What needs to be done:
Line by line, repeat the material below exactly and skip the images.

Data shown: Begin

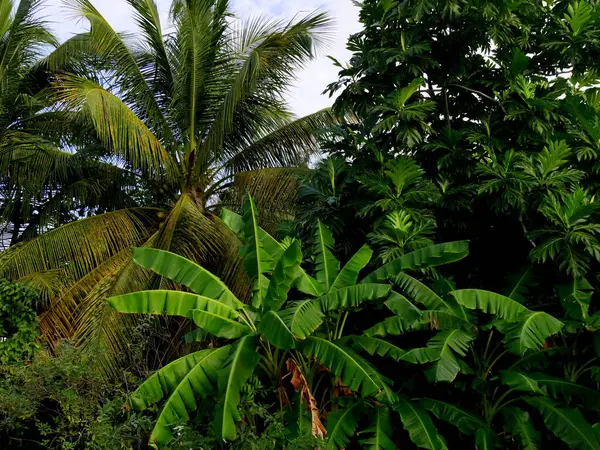tropical plant producing fruits and food : banana plant, coconut tree and breadfruit tree. equatorial vegetable food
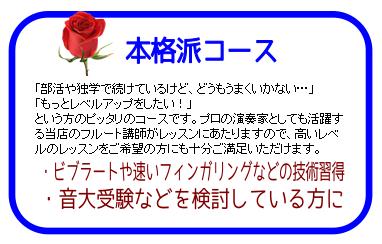本格派コース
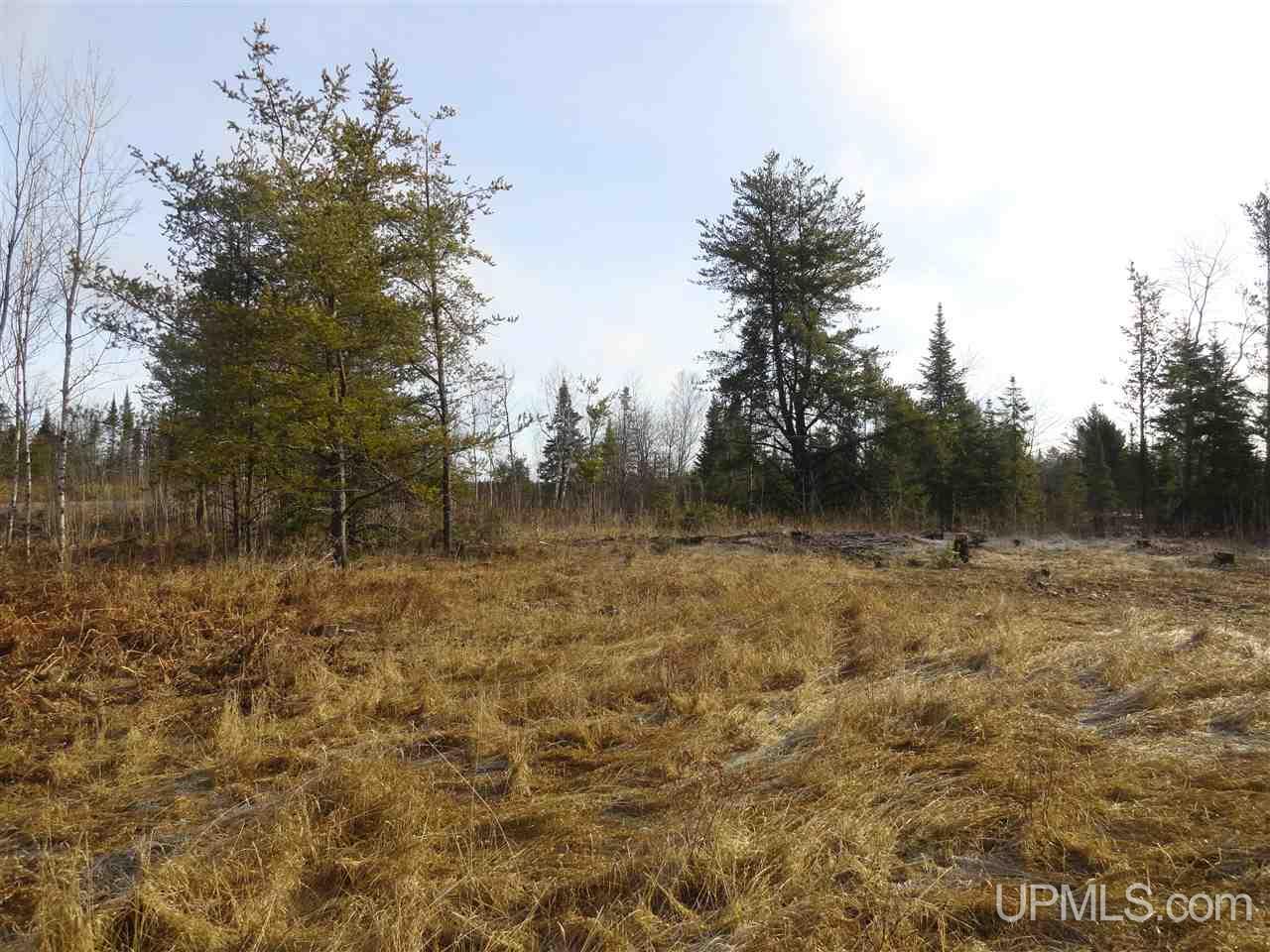 116-acres 116-acres Co Road Negaunee, MI 49866 - Photo 3 of 37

Data shown: End

Exercise solution:
tropical plant producing fruits and food : banana plant, coconut tree and breadfruit tree. equatorial vegetable food
本格派コース
 116-acres 116-acres Co Road Negaunee, MI 49866 - Photo 3 of 37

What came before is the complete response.